Minty to the rescue, tales of LVM basics and recoveries

In this post I’ll document a few replicable techniques that might help the less experts in managing and recovering a faulty hard drive with LVM in use. Note: it may contain Windows and Virtual Machines.

Why Windows?

Due to my gaming and drawing habits, even though I love the freedom of OpenSource platforms, I find myself using Win7 most of the time. We could argue that in this day and age it’s not even necessary, and I would be better off with a XenServer and a couple passthroughs to run everything in parallel, and I would agree with you. But I’m also lazy, and why fix something that is not broken? In any case all headless servers expertise came to no use when I found myself having to deal with a faulty LVM of a root partition in a notebook hard drive. Sort of a jackpot, of a kind. While LVM have undoubtedly their advantages, I find myself more comfortable in the physical realm rather than the logical. So I wasn’t much of an expert in that regard, and the notebook wouldn’t properly load making all the usual on-machine troubleshooting useless. Being a linux installation I couldn’t even just plug it into my main PC and scan the extN, since I am sporting Win7 for my daily routines. But then it dawned on me…

Why not virtual Zoidberg?

Given the monstrous specs of my PC, and the marvels of virtualization and passthrough technology, I thought to put them all to use and resurrect my dusty VMware Workstation I had lying around for such a long time. While attaching the external hard drive to a USB3 port, I could simply pass-through it to the *nix virtual machine, and while at it I’d try that neat Linux Mint distro I wanted to try for so long (and hence the name of the article). At this point it becomes a simple *nix recovery, which is for the best.

Dealing with LVMs

I armed myself with what documentation I could find, and started going at it:

What does this all mean? Let’s divide it for simplicity. When not dealing with physical partitions but with LVM, there are three different actors in play: physical volumes, volume groups, and logical volumes:

  • Physical Volumes: (pvscan, lvm pvs) are the classical partitions. They can be grouped into a single Volume Group to virtualize disk space and access and only handle space as a virtual entity.
  • Volume Group: (lvm vgs, vgdisplay) can be considered as a union of partitions. Just like logical volumes in RAID setups, VGs support the addition (and/or removal) of drives from it, which makes it easier to silently expand the space available without touching a partition. Suppose for example that we want an additional hard drive in our PC, we can mount the new hard drive, format it and attach it to our current VG. From there we can simply “expand” the Logical Volume(s) we want the additional space to go to, and it’s done. No need to mount partitions in directories or similar, it just becomes a de-facto stripe.
  • Logical Volume: (lvm lvs, lvdisplay) the usable “virtual” partition. These LVs can be mounted just like the good ol’ partitions, and can be used as such. If an hard drive is added to the VG we can simply expand it to make use of the new space. At the same time, we will have no need to take in accounting different mounting problems since it’s just a (possibly striped on various hard drives of different sizes) partition.

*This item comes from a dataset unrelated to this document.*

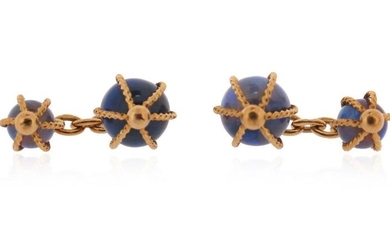 A pair of opal bead-mounted gold cufflinks, each opal bead...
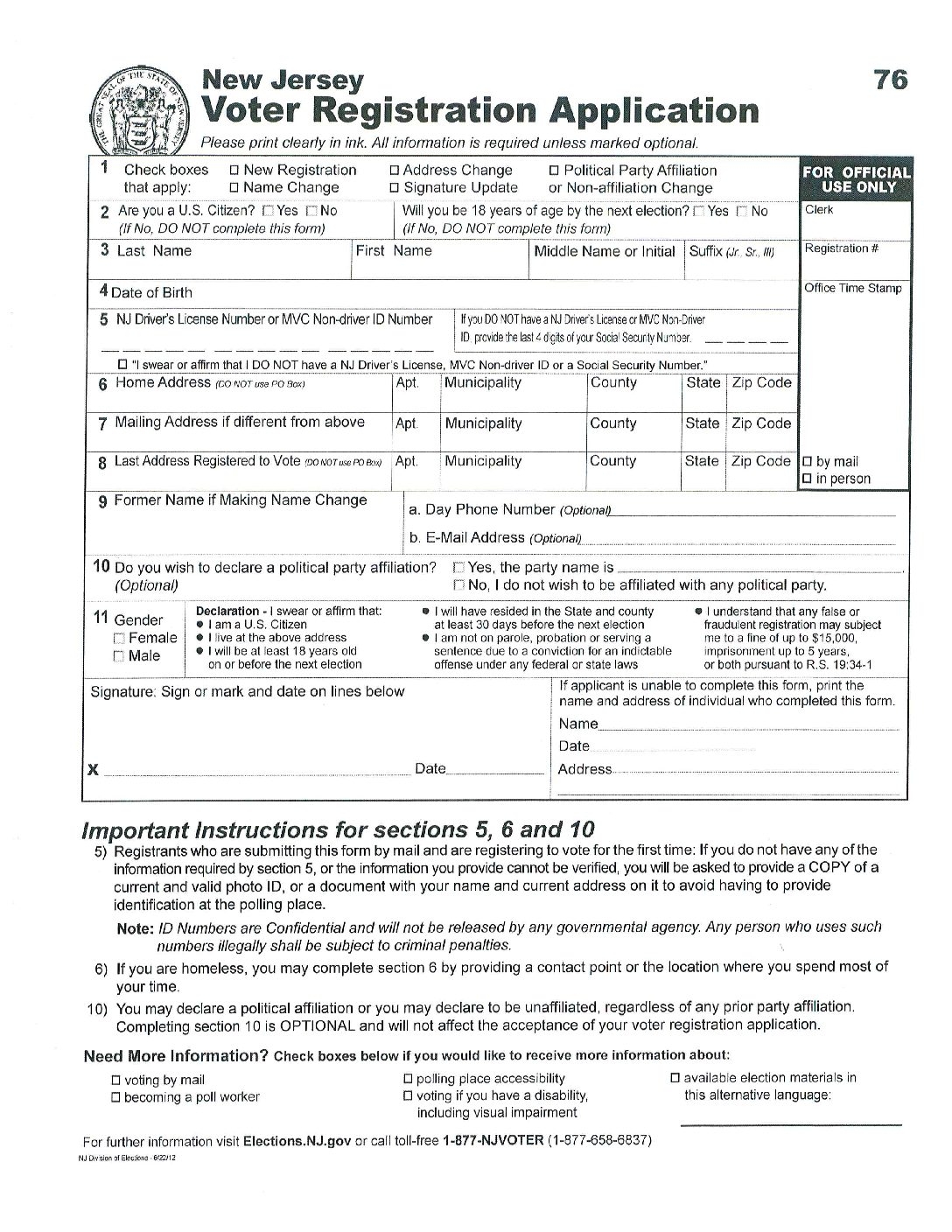 NJ Voter Registration Application Stillwater Township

With this knowledge at hand, after understanding the concepts of LVMs, it was a matter of simply using mount /dev/<VGNAME>/root /mnt, and recover what salvageable data I had left. A question I never found myself asking (for obvious reasons) was to be asked, though: “what if the damage to the hard drive was fatal for just coincidence, and could I just fix and reuse it for less than critical events?”.

Once upon a time, in a bad block far, far away…

While everybody agrees that a bad block is a great signal for “duck and cover”, I’ve always been more of an inquisitorial type. Armed with a live Mint distro and an idiot proof documentation, I proceeded to simply do the following:

While reinstalling ex novo a new OS, I thought it would be helpful, in order to avoid the pesky “Unrecovered read error – auto reallocate failed” to leave a GB or two as unallocated space, for all intents and purposes. So far everything has worked fine, let’s hope and pray that it will continue to do so, but given the hard drive reassignment to non-aggressive duties, it probably will.

XenServer fix script

In a previous article (Fixing XenServer error “Unable to find partition containing kernel”) I described how to fix a recurring problem after patching XenServer 6.2 installations. While the fix is known from years it’s never been adopted, and different distros (such as Ubuntu LTS 14.04) fail to boot properly when the (on dom0) gets reset to its default state.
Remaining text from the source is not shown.